Die Autoren des Bandes untersuchen für verschiedene Epochen die Institutionen und Verfahren der Dogmatisierung, etwa die Konzile der Kirche, die Gerichte oder wissenschaftliche Schulen, die mit Meinungsverschiedenheiten konfrontiert sind. „Es geht zudem um die Frage, wie Texte ihre maßgebliche Autorität erhielten, beispielsweise offizielle Lehrverlautbarungen der Kirchen oder gerichtliche Entscheidungssammlungen.“ Ein besonderes Augenmerk der Autoren liegt auf den Methoden, mit denen die Experten bei Dogmatisierungen argumentieren, und den medialen Formen, in denen verbindliches Wissen öffentlich präsentiert wurde.
Deutsches Recht stark dogmatisiert
Das gegenwärtige deutsche Recht ist laut Prof. Jansen außergewöhnlich stark dogmatisiert. „In anderen westlichen Ländern wie Großbritannien und Frankreich orientieren sich die Rechtsprechung und die Rechtswissenschaft stärker an den Urteilen der Richter als an grundsätzlichen Regeln“, erläutert der Jurist. Ein Fach namens „Rechtsdogmatik“ gebe es bezeichnenderweise nur in Deutschland. Ziel dieses Faches ist es Prof. Jansen zufolge, das geltende Recht in geordneter Form darzustellen. In Deutschland hätten die Dogmatiker ein kompliziertes System fester und eindeutiger Begriffe, Grundsätze und Regeln aufgestellt, das jedem Einzelfall gerecht werden soll. „Das wirkt auf Außenstehende oft sehr spitzfindig, ist aber sinnvoll und kein Selbstzweck.“ Die komplexen Grundsätze des deutschen Rechts garantieren dem Experten zufolge Rechtssicherheit und Problemlösungen, die dem Einzelfall angemessen sind.

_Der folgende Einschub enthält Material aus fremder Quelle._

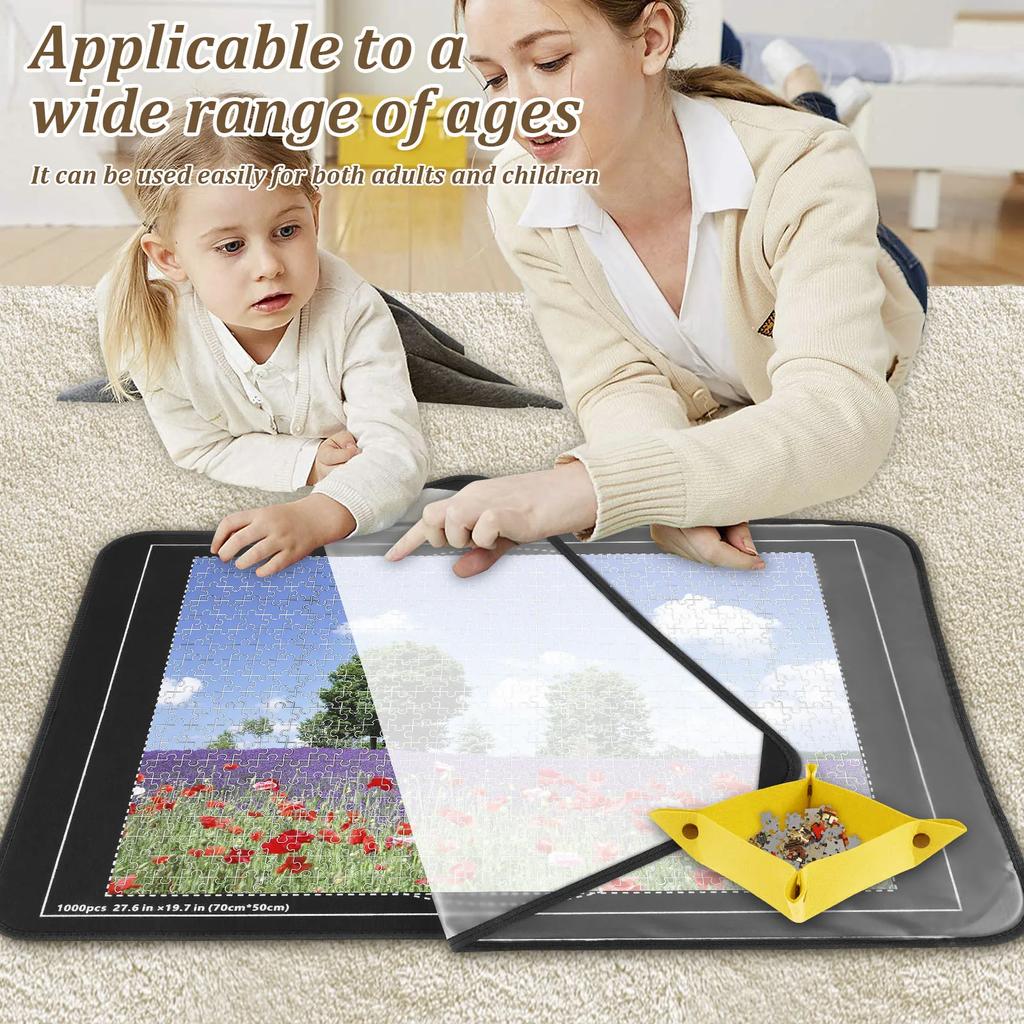 Puzzle Board Mat Set Easy to Store Versatile Jigsaw Board with Sorting Tray Sturdy Dust Proof Puzzle Sorting Tray for Your Kids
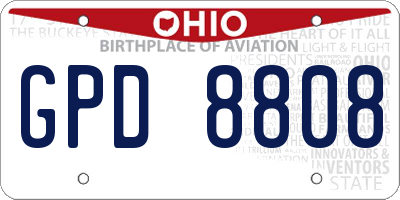 OH license plate GPD8808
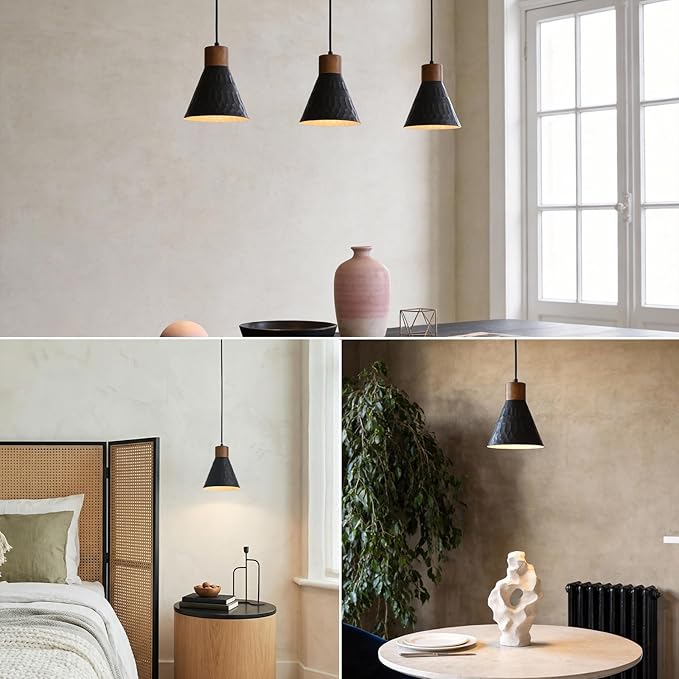 Modern Black Pendant Lights Kitchen Island, Mid Century Dome Pendant Light Set of 3, Small Industrial Hanging Pendant Lighting for Dining Room, Bedroom, Sink, Bar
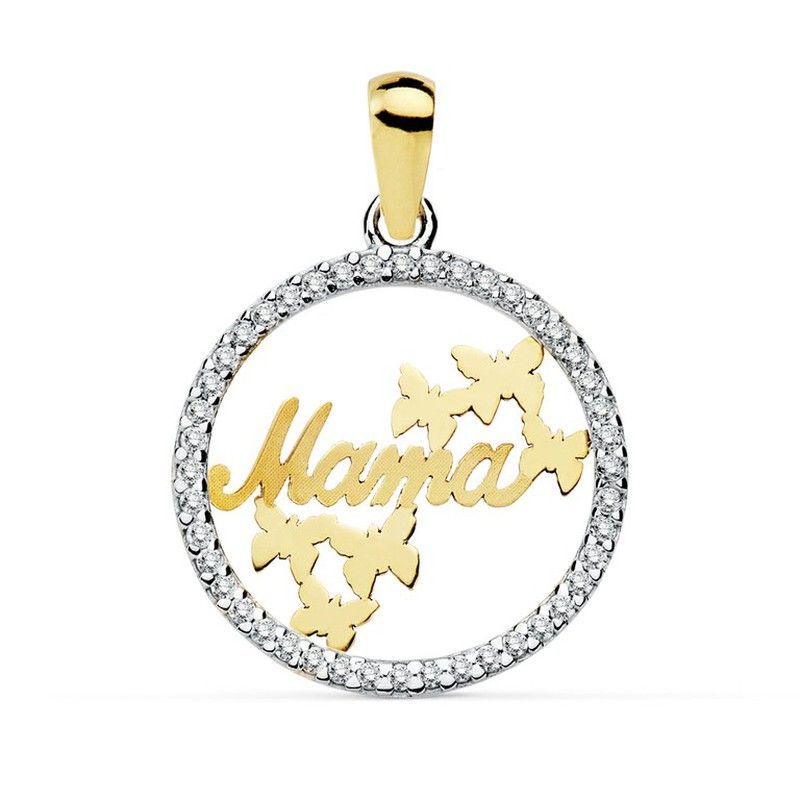 Colgante Mama Mariposas Oro 18kts 16mm 16918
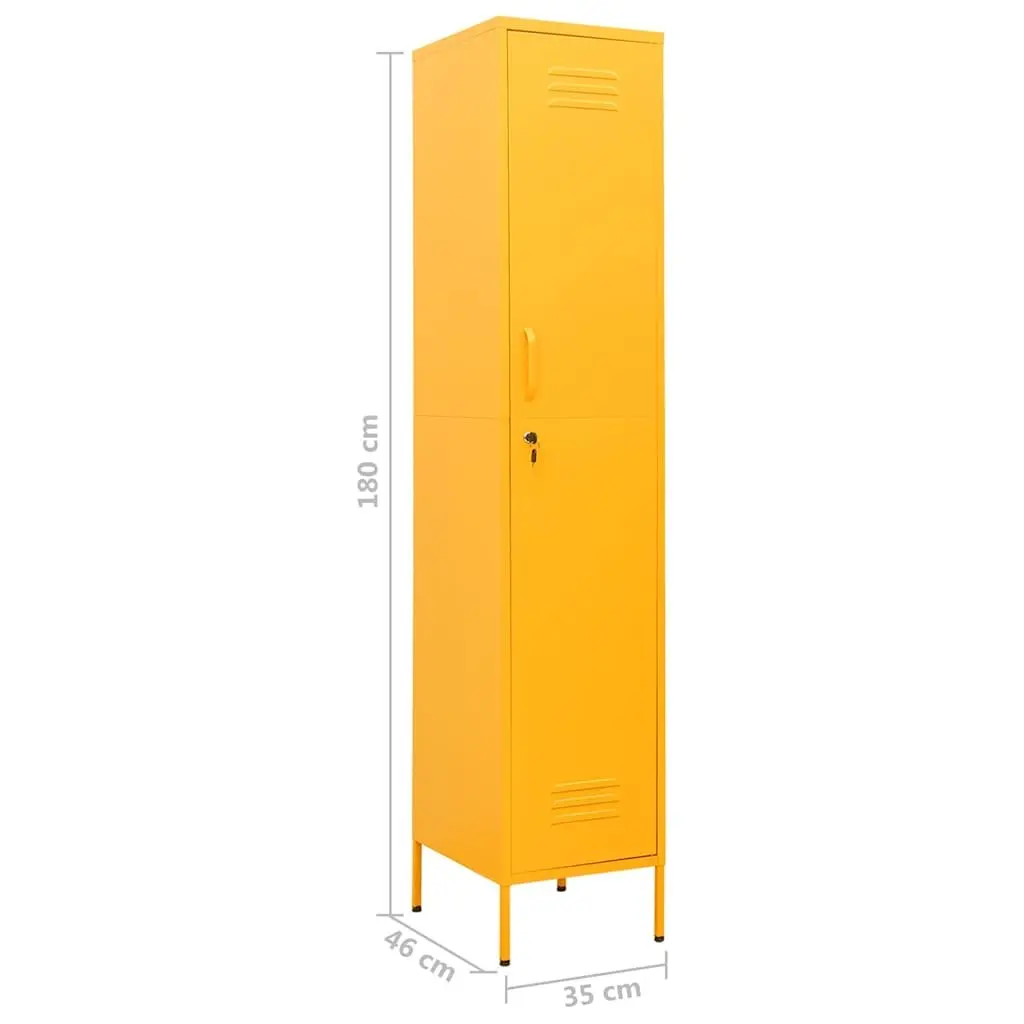 Storage Locker Cabinet Yellow 4 Shelf Adjustable Steel Secure Filing Organizer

Religionen gehen nach den Worten Prof. Jansens sehr unterschiedlich mit Dogmatisierungen um, nicht immer werde eine eindeutig bestimmte Normativität erwartet. „Im Islam galten Meinungsverschiedenheiten lange als eine Gnade. Unterschiedliche Gutachten verschiedener Schulen wurden nicht, wie im Christentum, als Problem gesehen“, schreibt der Jurist. Anders als in der katholischen Kirche gebe es im Islam auch keine zentrale Instanz, die Glaubenssätze in theologisch-grundsätzlicher und verbindlicher Form verkündet und als Ansprechpartner dienen kann. Trotzdem erwarte der deutsche Gesetzgeber eine institutionelle Verfasstheit der verschiedenen islamischen Religionsgemeinschaften, um etwa den islamischen Religionsunterricht zuzulassen.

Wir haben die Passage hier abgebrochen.